*PROBLEM REQUIREMENTS*:
Your answer must be the exact lines below, starting with the line with "acolhimento e inclusão ao público LGBT+" and going on through the line with "rawr_uou's tweet photo.", both included, with no pictures.

*PROVIDED DATA*:
*** Block opens ***
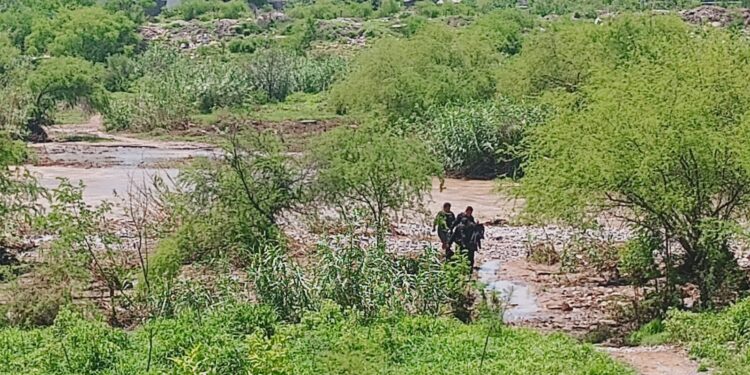 Rescatan a en el río San Marcos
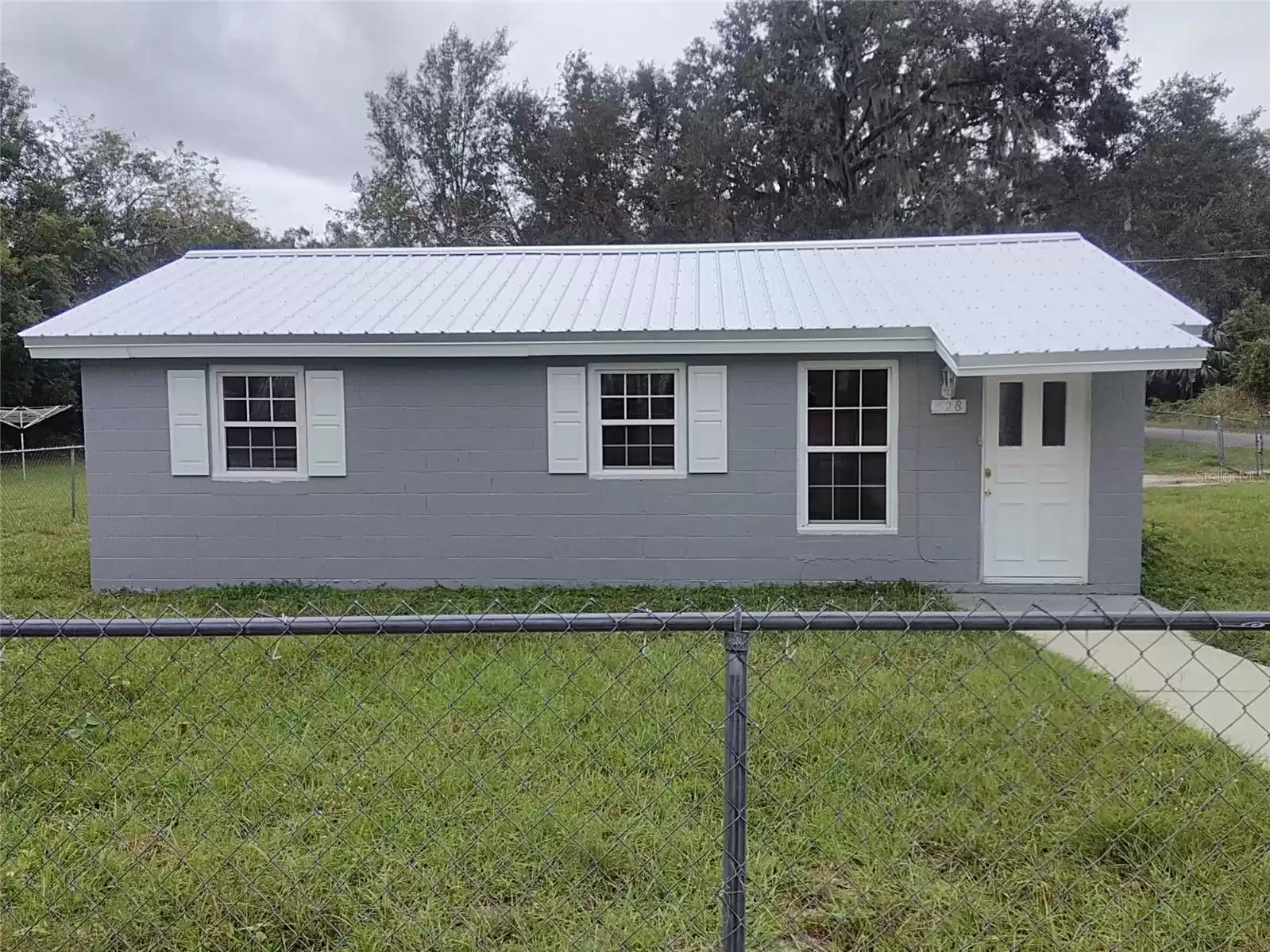 528 NEW HAMPSHIRE AVENUE, DELAND, Florida 32720, 3 Bedrooms Bedrooms, ,1 BathroomBathrooms,Residential Lease,For Rent,NEW HAMPSHIRE,MFRV4939235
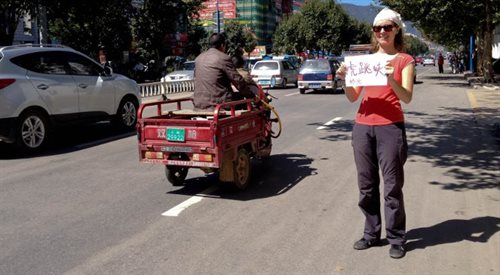 Autostopem przez Chiny - taka formę podróżowania wybrali Marta Cwalina-Śliwińska (na zdjęciu) i Łukasz Śliwiński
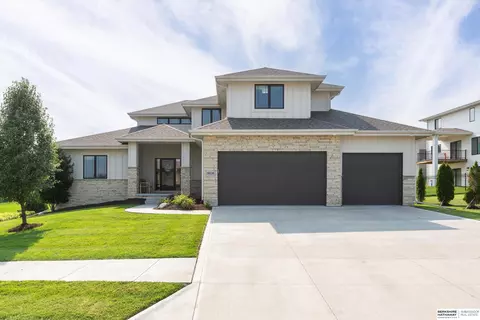 1608 S 207th Ave, Elkhorn, NE 68022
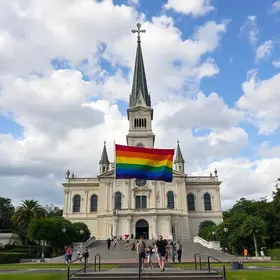 acolhimento e inclusão ao público LGBT+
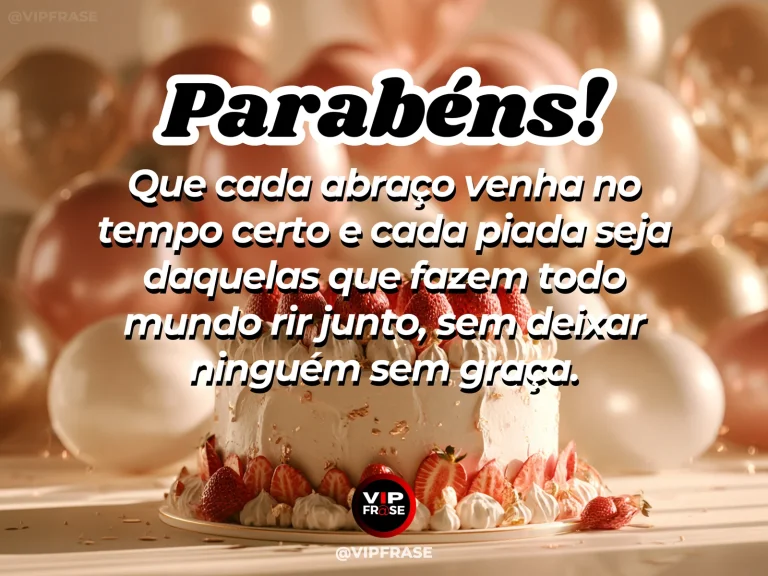 Mensagem de aniversário sobre abraços e piadas que incluem todos, em imagem de bolo claro com frutas vermelhas e balões rosados.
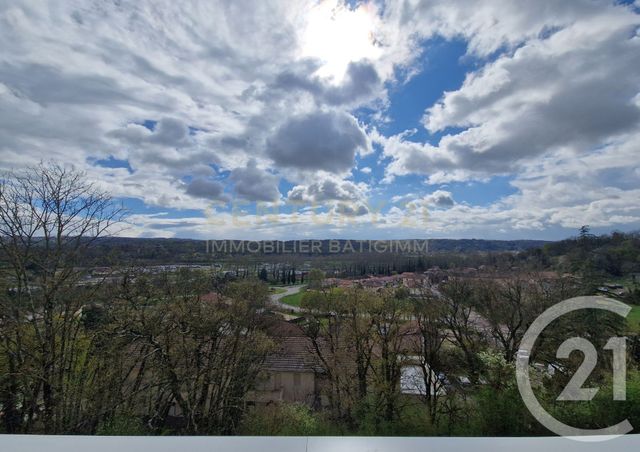 Appartement T3 à vendre - 3 pièces - 62.0 m2 - L ISLE D ABEAU - 38 - RHONE-ALPES - Century 21 Immobilier Batigimm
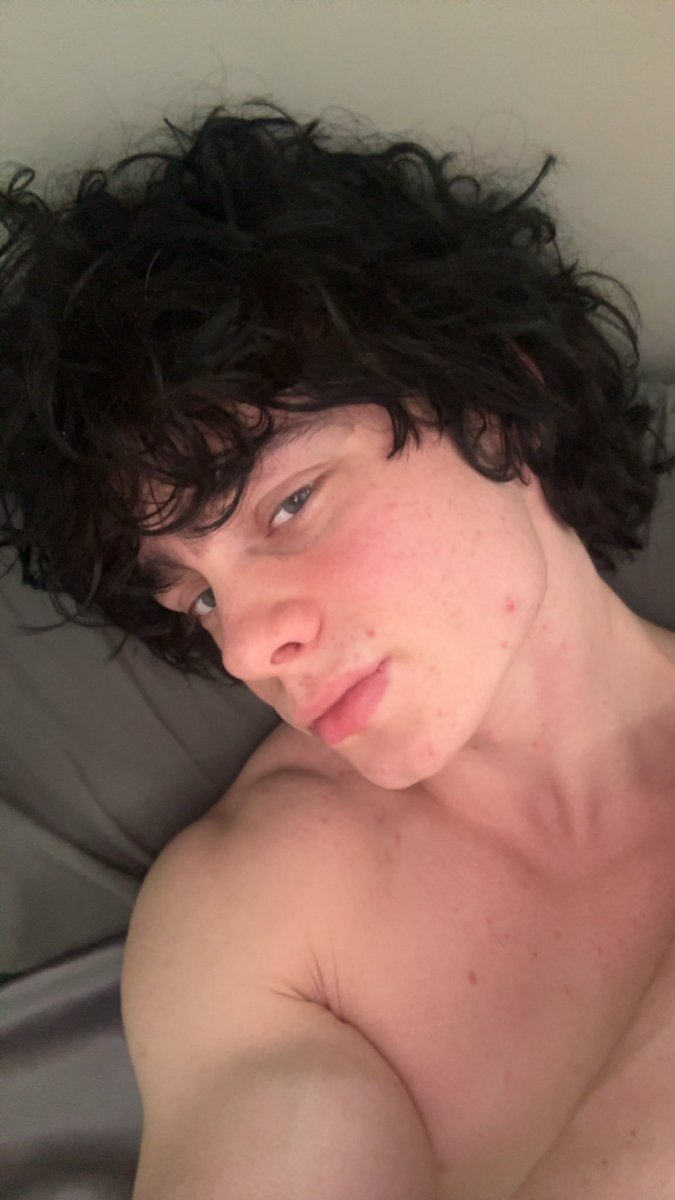 rawr_uou's tweet photo. Link in bio-Free month still active😘 come text me😉#nsfw #emoboy #alt #bwc #goodboy https://t.co/3btcTlptYe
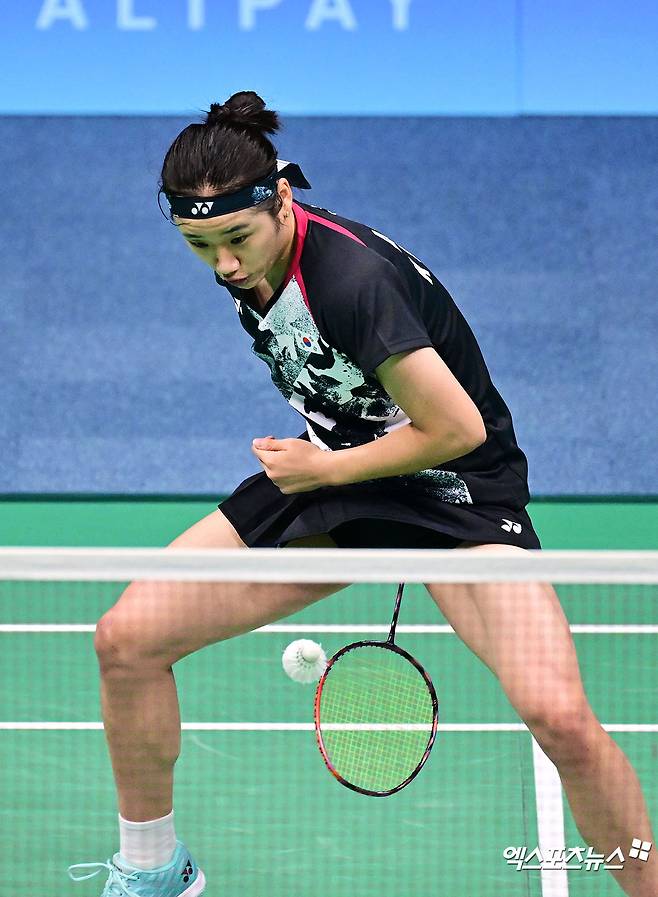 Korean women's badminton star Ahn Se-young is playing at the 2022 Hangzhou Asian Games held last year. Ahn Se-young lost to Japan's Akane Yamaguchi in the second match of the group stage of the BWF World Tour Finals held in Hangzhou, China on the 12th. Xports News DB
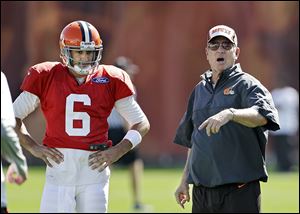 Browns offensive coordinator Norv Turner delivers instructions next to quarterback Brian Hoyer, who will start on Sunday.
*** Block closes ***
*ANSWER TO THIS EXERCISE*:
 acolhimento e inclusão ao público LGBT+
 Mensagem de aniversário sobre abraços e piadas que incluem todos, em imagem de bolo claro com frutas vermelhas e balões rosados.
 Appartement T3 à vendre - 3 pièces - 62.0 m2 - L ISLE D ABEAU - 38 - RHONE-ALPES - Century 21 Immobilier Batigimm
 rawr_uou's tweet photo. Link in bio-Free month still active😘 come text me😉#nsfw #emoboy #alt #bwc #goodboy https://t.co/3btcTlptYe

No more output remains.